D. Fear Disbelieves God’s Promises. (Deuteronomy 1:29-33
29 Then I said unto you, Dread not, neither be afraid of them.
30 The LORD your God which goeth before you, he shall fight for you, according
to all that he did for you in Egypt before your eyes;
31 And in the wilderness, where thou hast seen how that the LORD thy God bare thee, as a man doth bear his son, in all the way that ye went, until ye came into this place.
32 Yet in this thing ye did not believe the LORD your God,
33 ho went in the way before you, to search you out a place to pitch your tents in, in fire by night, to shew you by what way ye should go, and in a cloud by day.
1. The challenge before the Israelites wasn’t something that came out of nowhere and demanded that they trust some mysterious, untested providence.
a. This was the invitation of the God who had gone with them throughout their journey.
b. This was the loving Father who had remained so steadfast by their sides, and who had provided every need.
c. This was One worthy of the same trust a tiny child would place in their loving parents – AND SO MUCH MORE WORTHY!
2. Learning always involves testing
a. That is what happened when the spies were appointed
c. The people were given a test to reveal whether they really trusted God or not.
– The people had everything they needed to pass this test.
3. it seems that every defining moment of faith is just like
starting over.
d. Memory and experience should empower us
e. The rearview mirror should give us perspective, but we don’t look at the mirror at all – our eyes are frozen by what is in the headlights.

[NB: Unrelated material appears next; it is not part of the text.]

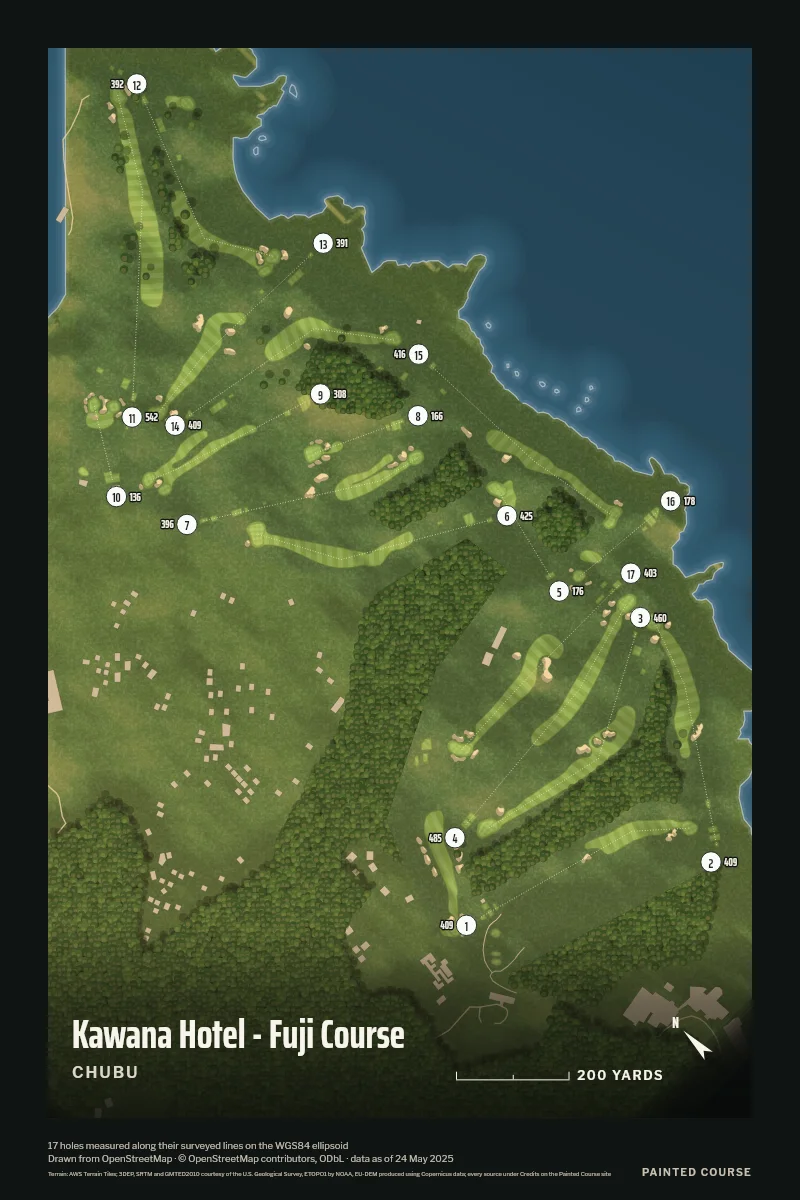 Kawana Hotel - Fuji Course, Chubu, Japan, drawn in the Aerial style from its OpenStreetMap survey: 17 holes, each numbered at its tee with its measured yards beside it.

4. The Israelites are a testimony to this
a. The giants seemed so fantastically massive that they
blocked out what God had done in the past, what He was doing in the present, and His Word on the future.

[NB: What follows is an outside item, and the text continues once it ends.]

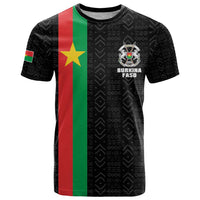 Personalized Burkina Faso Striped T Shirt African Mud Cloth Pattern - Black - Wonder Print Shop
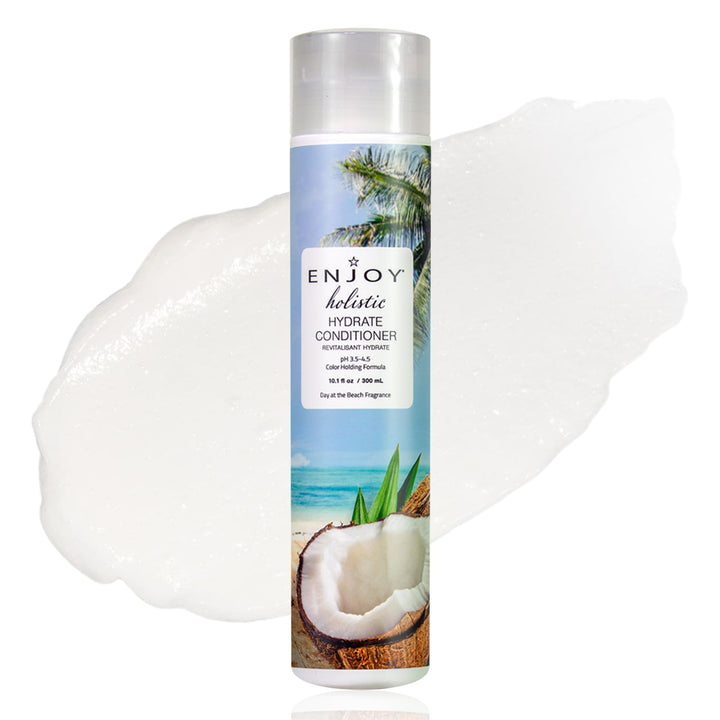 Enjoy front label showing product name and bergamot coconut scent benefit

E. Fear Disobeys God’s Principles (Deuteronomy 1:26 Notwithstanding
ye would not go up, but rebelled against the commandment of the LORD your God:)

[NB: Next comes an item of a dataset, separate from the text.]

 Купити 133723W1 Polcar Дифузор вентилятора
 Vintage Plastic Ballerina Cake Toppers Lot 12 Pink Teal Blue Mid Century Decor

1. It is a harsh truth but an insistent one: Fear is disobedience,
plain and simple
a. How can fear be anything other than disobedience to God, when He has given us everything we need to walk in faith.
4. Over 120 times in the Bible a little phrase is used in the imperative form “Fear not”
a. How many times must God command us not to fear
b. James 4:17 says Therefore to him that knoweth to do good, and
doeth it not, to him it is sin.
Conclusion: The next time you find yourself overcome by fear, remember -a along with all of God’s other promises and assurances to dwell in fear is to live in sin.
Your first response might be, “But I can’t help it! I don’t want to be fearful, but it is out of my control.” and if that is how you feel, you have forgotten that God has given us everything we need to deal with fear. He has provided us with principles of faith that help us live courageously. 2 Timothy 1:7 reminds us that, God hath not given us the spirit of fear; but of power, and of love, and of a sound mind.
When all is said and done, any alternative to His way boils down to simple disobedience – something that is always costly. For the nation of Israel, it meant a lost generation. The adult group of that time was forbidden from finding their journey’s end for forty years. They were sentenced to a restless, nomadic life of wandering homeless in the desert, waiting for the last of that forsaken group to finally die. Only tow of them were permitted entry into Canaan: Joshua and Caleb, who had stood firm in their faith. Courage earned them their home, yet they, too, wandered beyond the borders during those forty years. Attending the funerals of their friends. When the last body was laid to rest, the nation could finally claim its true home.
We have looked at the put off of fear, and now next time I want us to see the “put on” of faith. You come back as we continue our discussion and complete the picture. Here are some things to work through until we come back.
HOMEWORK:
1. Look over your life and evaluate what you are afraid of
2. Understand the truth about that fear as it is recorded in the Word of God
3. List what God thinks about your fear and what you are afraid of and prepare your heart to deal with it appropriately.